The question is, “What does philosophy of religion offer to the modern university?” I propose to answer by considering, as examples of the modern university, schools like my own: Christian liberal arts universities where the vast majority of students consider religion to be of significant and even supreme importance.
Philosophy of religion can benefit these students in a variety of ways, and in so doing can help Christian universities better fulfill their missions. To see this, let’s consider how two opposing types of students attending such schools might be impacted by taking a course in philosophy of religion.
The first type of student is the dogmatist. This student has hard and fast religious views, perhaps produced through a sheltered upbringing or a recent and enthusiastic conversion, where answers to profound questions are already settled and people who disagree are seen as ignorant or evil or both.
The dogmatist enrolls at a Christian university with settled beliefs on such topics as the existence of God (obvious), why God allows evil (to make possible our exercise of free will), who gets to go to heaven (people who believe more or less as they do), and much else besides. The fundamental point of this life, our dogmatist contends, is to determine one’s place in the afterlife; and those who do not embrace the Christian faith are going to hell.
Now these issues are in fact much more complex than the dogmatist may think. And there is great benefit to recognizing the complexity! That’s where philosophy of religion comes in. Philosophy of religion can help dogmatists recognize problems with their own views and reasonable features of opposing ones.
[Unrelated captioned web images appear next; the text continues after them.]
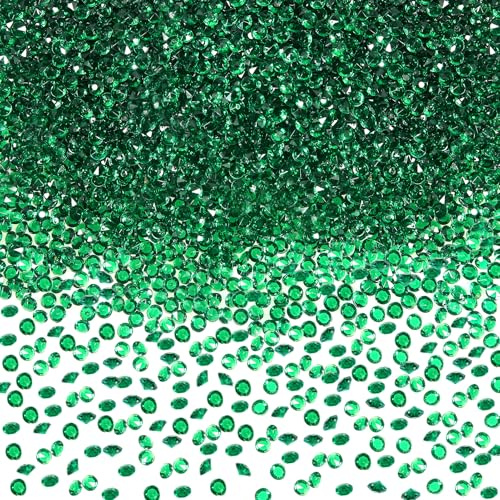 TOAOB 12000 Stück 3 mm Grün Acryl Kristalle Diamanten Tischstreuer Deko | Konfetti Klare Strasssteine für Tischdekoration Hochzeit Braut Dekoration Vasenperlen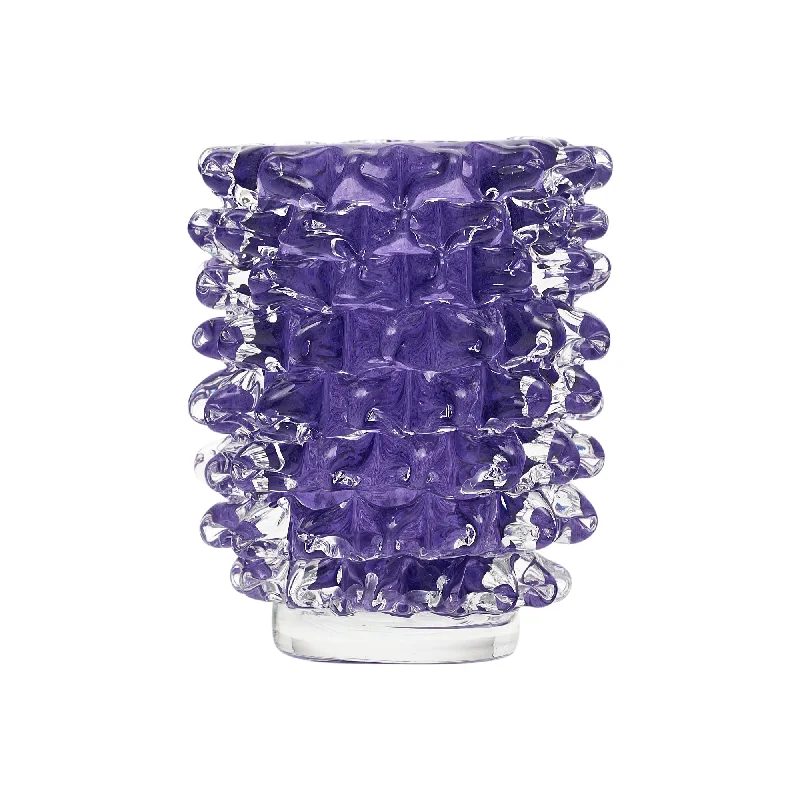 Decorative handmade vases for modern home -Purple Murano Glass Rostrate Vase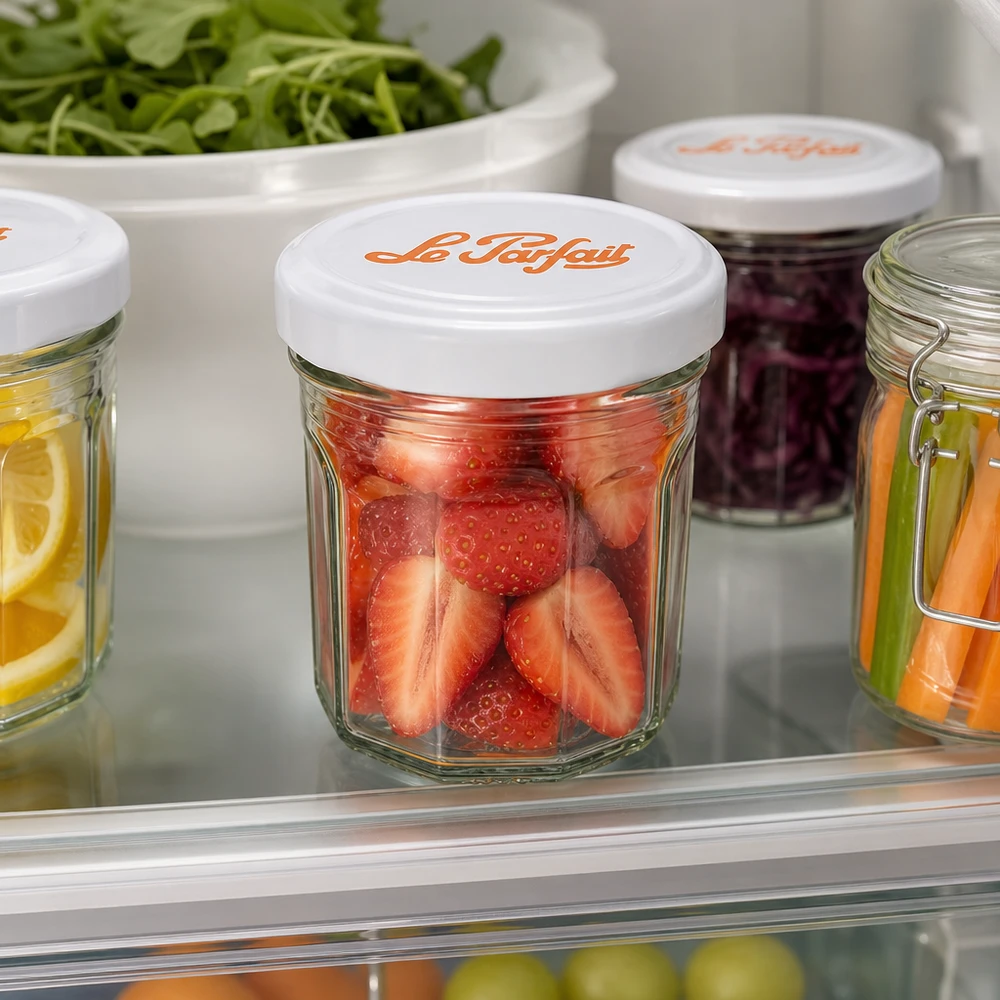 Le Parfait® Mini‑Jam 44 ml Ø48 mm glas Le Parfait Mini-Sturzgläser 44ml mit frischen Erdbeeren im Kühlschrank - praktische Aufbewahrung für Früchte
It can help them begin to see that religious questions run extraordinarily deep, and that pat answers don’t end the discussion.
Return to the sample beliefs I just mentioned. Through study of philosophy of religion a dogmatist may learn that it is not so obvious or easy to prove that God exists, and hence that failing to believe may not be irrational. Perhaps the pervasive horror of this world’s evils cannot be understood purely as God’s way of creating an environment appropriate to the exercise of free will. Perhaps the existence of multiple religions, with their rich traditions and devout representatives, should render us less certain of God’s judgment on them and more inclined to emphasize what all believers have in common, even if there remains much on which we disagree.
The second type of student, opposite the dogmatist, can be called a cynic. Cynics are dismissive of religious belief and tend to feel superior to those who aren’t. Most students do not arrive at Christian universities in this state – they’d likely not attend if they were. Instead, they move in this direction upon exposure to readings that are part of a liberal arts curriculum, some of which contain challenges to religious belief. And cynics may think that their benighted classmates are simply not getting it; they aren’t opening their minds; they don’t recognize their own ignorance.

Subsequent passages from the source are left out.